Bowman has been on Death Row longer than any man in Virginia's history and has expended all possible appeals. He has no hope of ever getting out of prison, but that doesn't mean that Eliza can't help him in other ways. Bowman tells her that he only wants to apologize, and he wants Eliza to accept his apology in person. He suggests that he might reveal the truth about the other girls he killed, the ones whose bodies were never found and for whose murders he was never tried, if she grants his request. Because of her unique status as Bowman's only living victim, Eliza wonders if she owes him anything for sparing her life. Is she obliged to take Holly's mother's feelings into account? She establishes boundaries that she will not cross when speaking to Bowman. Her family is off limits, for example. Yet, she is increasingly drawn in.

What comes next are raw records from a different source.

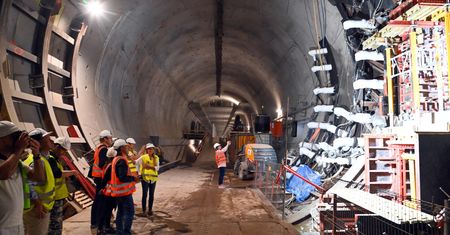 Na tę inwestycję czekają mieszkańcy. Tunel pod Świną gotowy w ponad 80 procentach
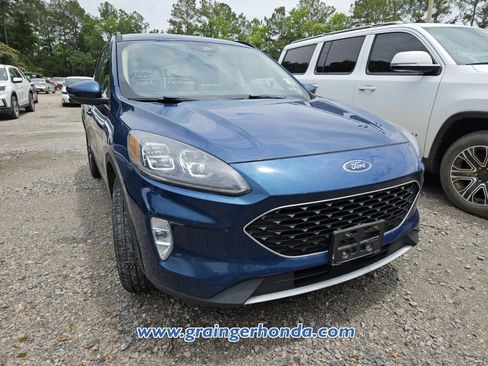 Used 2020 Ford Escape Titanium FWD image 4
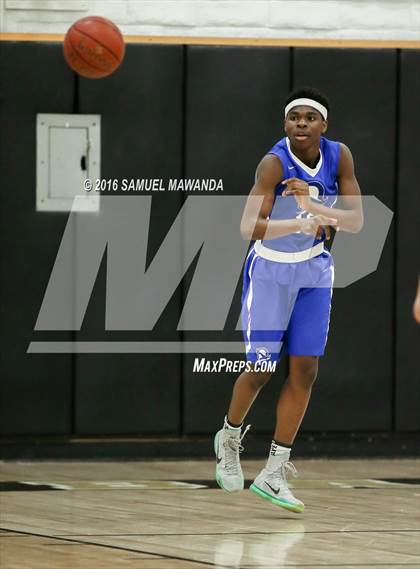 Thumbnail 1 in El Camino Real vs Chaminade (West Valley Thanksgiving Tip-Off Classic) photogallery.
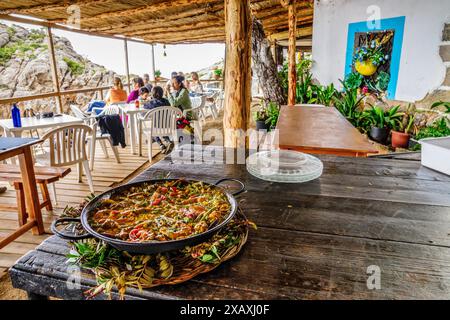 Paella majorquine, restaurant sa Foradada, Valldemossa, Parc naturel de la Sierra de Tramuntana, Majorque, Espagne. Banque D'Images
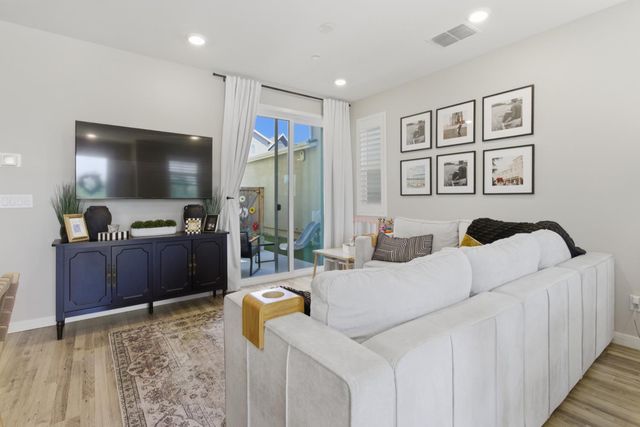 2949 Grassy Bank Ave, Sacramento, CA 95833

I'd Know You Anywhere, inspired by a true story, is not a thriller or a suspense novel. The tension is entirely psychological. It explores a woman with a troubled past and the ways that one horrible experience formed the person she became as an adult, and how she can, perhaps, overcome some of her shortcomings. The success of the novel depends on how willing readers are to accept both versions of Eliza: the young girl who allowed herself to be controlled and terrified by Bowman, and the adult woman who is still ceding control of her life to almost everyone around her.